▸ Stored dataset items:
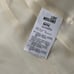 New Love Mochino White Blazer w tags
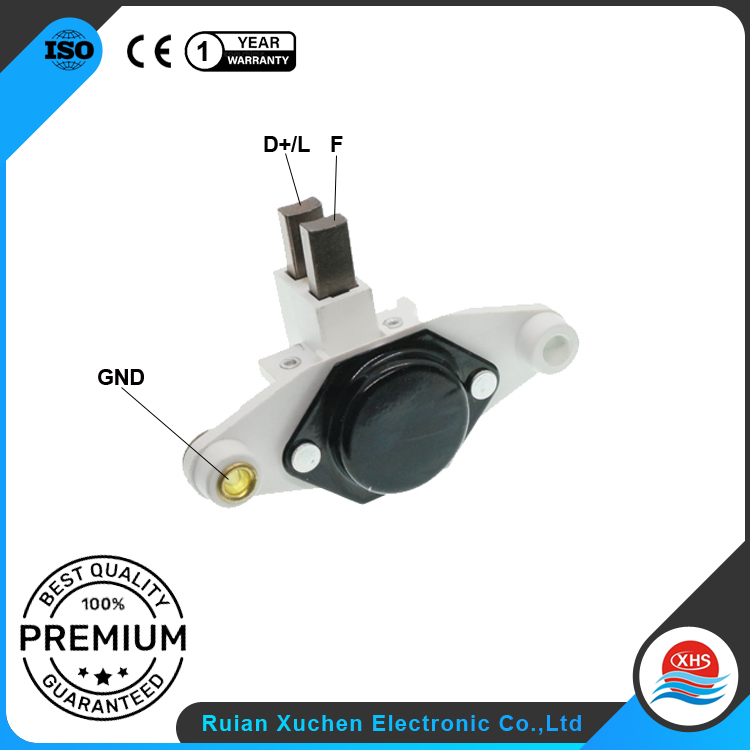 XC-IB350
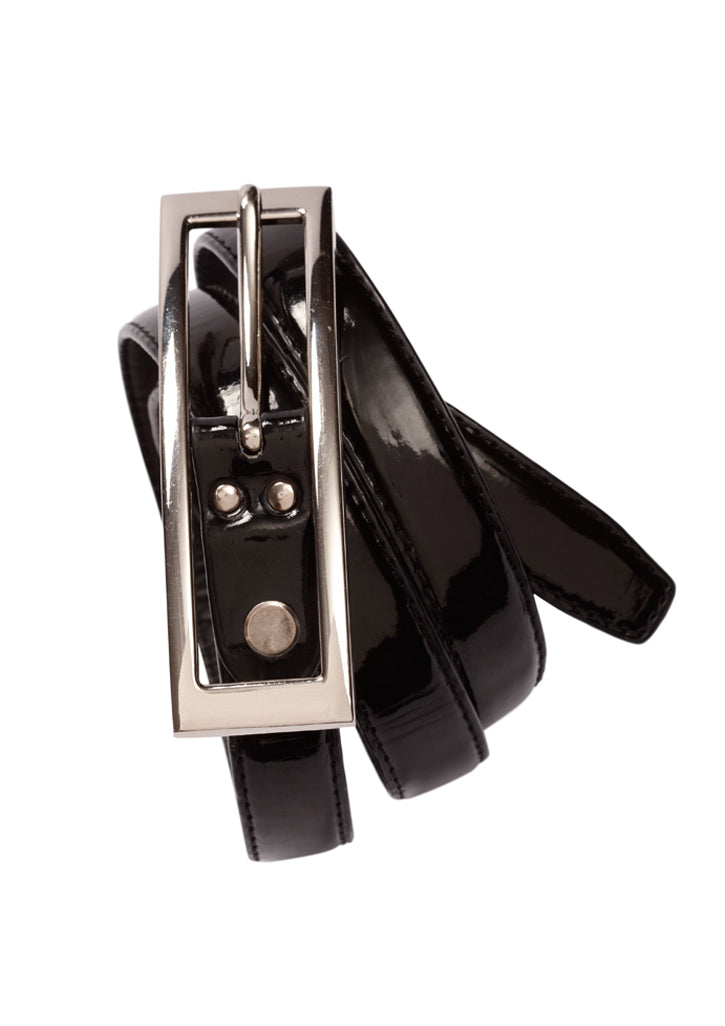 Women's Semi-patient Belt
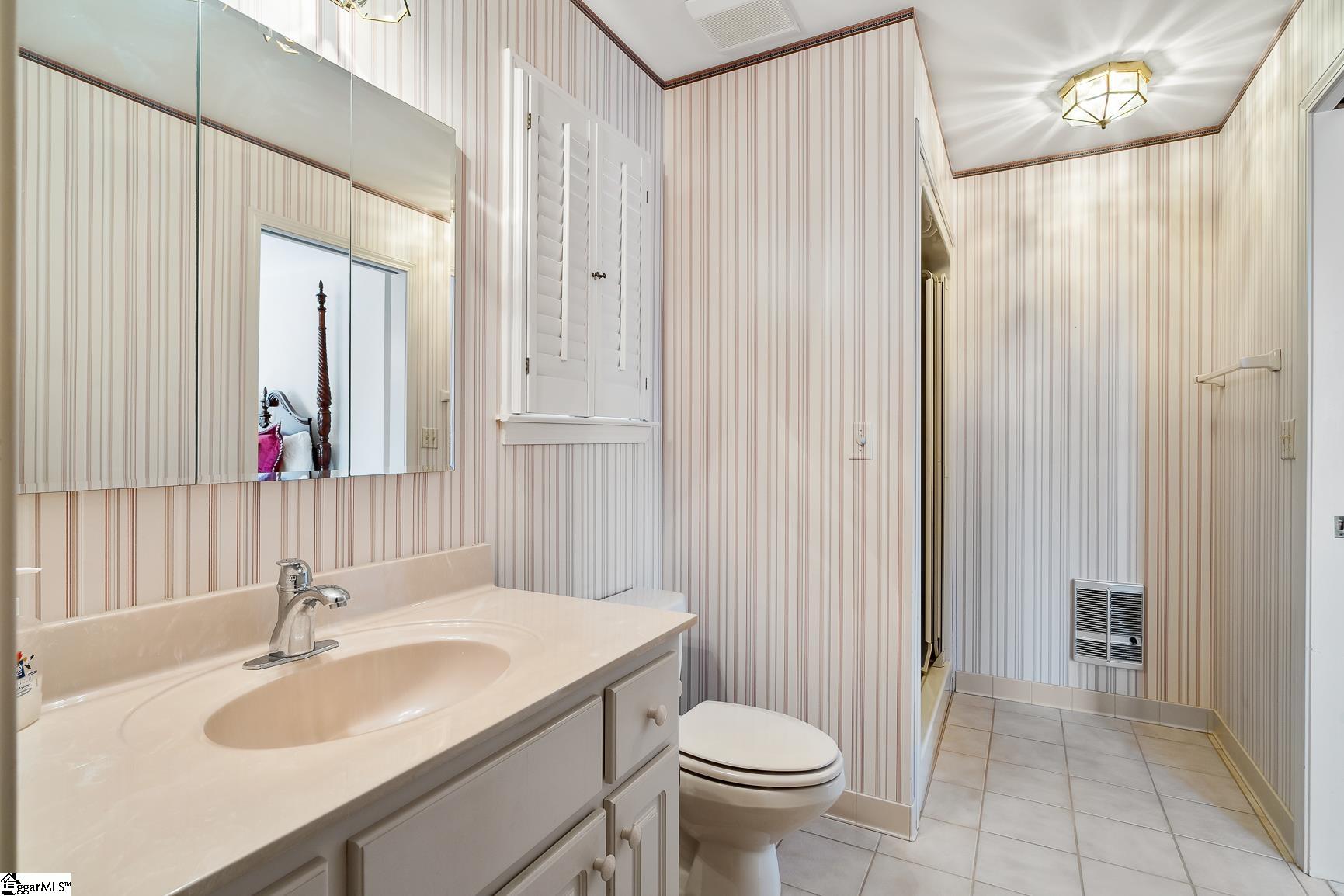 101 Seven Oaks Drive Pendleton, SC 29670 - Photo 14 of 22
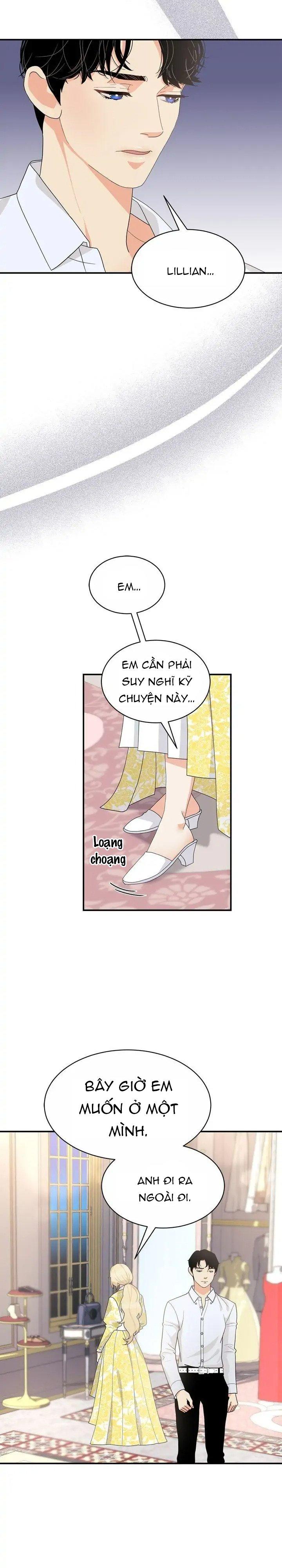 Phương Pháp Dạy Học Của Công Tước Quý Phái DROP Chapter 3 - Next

▸ Work request:
Reproduce every entry word for word, but skip any pictures.

▸ Your response:
 New Love Mochino White Blazer w tags
 XC-IB350
 Women's Semi-patient Belt
 101 Seven Oaks Drive Pendleton, SC 29670 - Photo 14 of 22
 Phương Pháp Dạy Học Của Công Tước Quý Phái DROP Chapter 3 - Next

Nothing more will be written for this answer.